When the Civil Defence Scheme was wound down in the late 60's the site was used for Stewarts & Lloyds Research & Development and almost everything remaining in the site today relates to this, apart from the odd piece of telecoms and switching equipment. A large amount of radiography equipment can be found and was used to X-ray iron castings and steel fabrication, the floors are still littered with tube samples and castings. In the 1958 edition of Corby Works (published by Stewarts & Lloyds) there is a chapter on The Department of Research and Technical Development where it says 'Use is made of the most modern equipment, as this becomes available, and in particular, includes modern spectrographs, equipment for vacuum fusion analysis of gases in steel, equipment for high frequency induction melting under controlled 
conditions of atmosphere and pressure, apparatus for the identification of compounds, space lattice measurements, and internal stress determination by X-ray crystallography, gamma ray testing of welds using new isotopes from Harwell, and the latest designs of creep testing equipment working under temperature controlled conditions'. Add to this Jib Testing and Weld Testing for the many Ransomes & Rapier Walking Draglines that worked in the various Ironstone Quarries in Corby.

The original main entrance was destroyed in 1975 when the A43 was widened and turned into a Dual Carriageway, the entrance tunnel was backfilled and part way down a double course brick wall was built. Recent, 'intellectually challenged' visitors have made an attempt to breach this wall in true Darwin Award style without doing their homework, if they had they would clearly see where the sealed entrance actually comes out and also see there is about 100 tonnes of rubble between the two points, thus saving them a few quid on their cheap B&Q hammers and chisels...

The end of Stewarts & Lloyds ownership ceased in 1967 when the steel industry was nationalised for the second time and they became part of the British Steel Corporation. Due to the high cost and low quality of local iron ore coming out of the quarries and mines, steel production at Corby was set to close in November 1979. This was delayed until 21 May 1980, due to the national steel strike, when the last coil came off the 
strip mills. In nearly 40 years of steel production they had produced almost 2.5 million tons of steel. By the end of 1981 5000 people were unemployed almost overnight as a result of the closure and by the end of the 80's this figure reached 11,000. Most of the original 5 square mile site was demolished during the 1980's to make way for the Corby you see today (Phoenix Retail Park and Phoenix Park Way Industrial Estate) but thankfully due to its location this site survived.
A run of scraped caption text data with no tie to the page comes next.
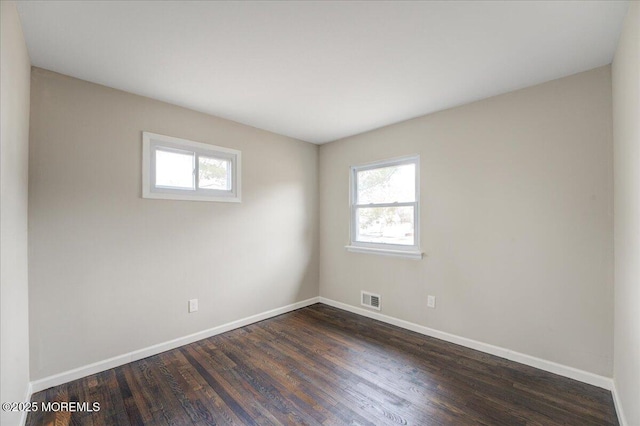 spare room featuring dark wood finished floors, visible vents, and baseboards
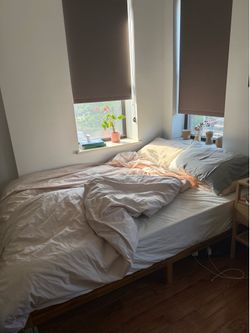 full sized mattress + wooden frame + pillows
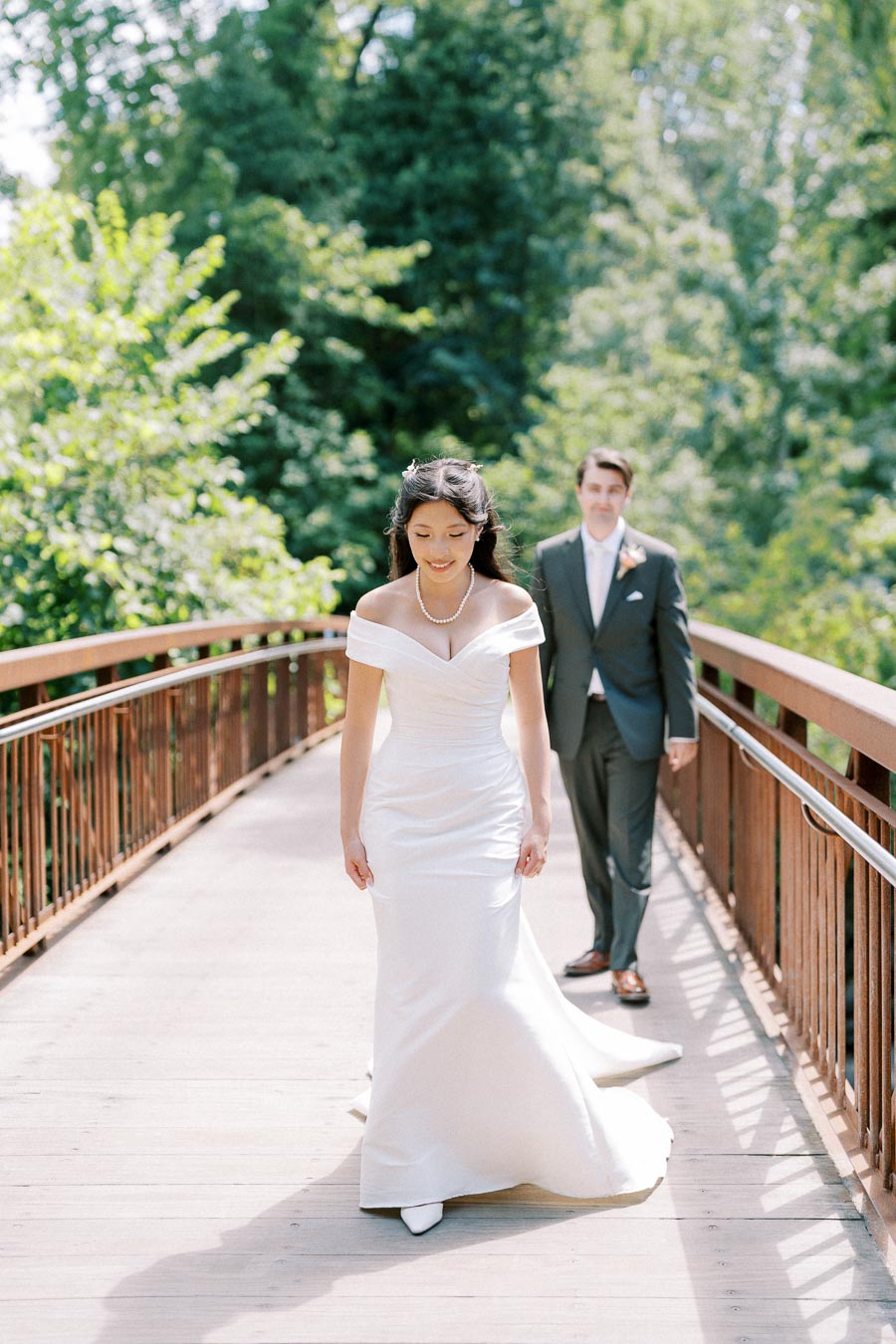 Bride and groom on wooden bridge in lush garden setting, with bride in elegant white gown leading and groom in suit following, capturing a romantic wedding moment.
On the 6th October 1999 the Corus Group was formed through the merger of Koninklijke Hoogovens and British Steel and the Tubeworks continued at the site. On Tuesday, 27 July 2004 in an ironic twist the BBC ran a story about new owners Corus making an appeal for information about the 'secret World War II bunker' as they didn't know what the underground tunnels were for 

Not long after this the original gates were replaced by a very heavy duty permanent grille, welded to the walls.

In 2007 Corus was acquired by Indian company Tata and on 27 September 2010 Corus announced it was changing its name to Tata Steel Europe and adopting the Tata corporate identity.

These days after several fires, one badly burning out what was originally the Messengers & Liason room, and local morons getting in there and smashing things up the site is in quite a sorry state. The original (sealed) main entrance tunnel is full of items dumped from various decades but if you take the time to look there's still some interesting things scattered about.

We took a couple of Plessey PDRM82's in there and tried really hard to get any sort of reading at all from every single room and piece of equipment but the display didn't register anything. I know they are not the most sensitive devices for background radiation but its probably safe to ignore all the scaremongering that has been reported about this site.




















































*Ambulance Turntable*





*Toilet Blocks*















*Original Main Entrance*



































*1950's Doors*




















*Castell remote locking switch*










*Messenger Hatches*










*Phillips DXI Portable X-Ray Unit*




















*Signals Room*





*Linderode Saturn Spark Erosion machine*










*Phillips DXI Portable X-Ray Unit*













































*Phillips DXI Portable X-Ray Unit*










*Old Telephone Exchange*















*Isotope Storage*










*Carl Drenck 'Fedrex' X-Ray Tube*





*Original Control Room*





*Isotope Trolley (Generator Room)*





*Generator Room*





*Original Ventilation Plant Room*










*Generator Room Blast Doors*





*Isotopes*





*X-Ray's*





*British Contamination Meter, No. 1 set*










*British Contamination Meter, No. 1 set*





*STOP PRESS:*
A week before Christmas 2010 the ARP Control Centre was completely welded shut (see last two pictures below), oh and someone stole the nice 1940's light from outside


----------



## Winch It In

Here's a few of my photo's from the days explore.


































































Thanks for looking.​


----------



## MD

That is easily the best write uo on the ARP centre ive read 

shame its sealed now


----------



## sYnc_below

MD said:


> That is easily the best write uo on the ARP centre ive read



Thanks mate I really appreciate the comment, It's taken me six months to get the info together...I'm such a boring bastard for detail


----------



## tommo

that is a great write up and Very comprehensive with great pics and well detailed what more can u say, its a nice site though and in some ways its good that its been sealed hopefully with everything still inside and no more damage


----------



## Badoosh

MD said:


> That is easily the best write uo on the ARP centre ive read
> 
> shame its sealed now



Second that on both counts! Really wish I'd taken the opportunity to see this last year when I had the chance. 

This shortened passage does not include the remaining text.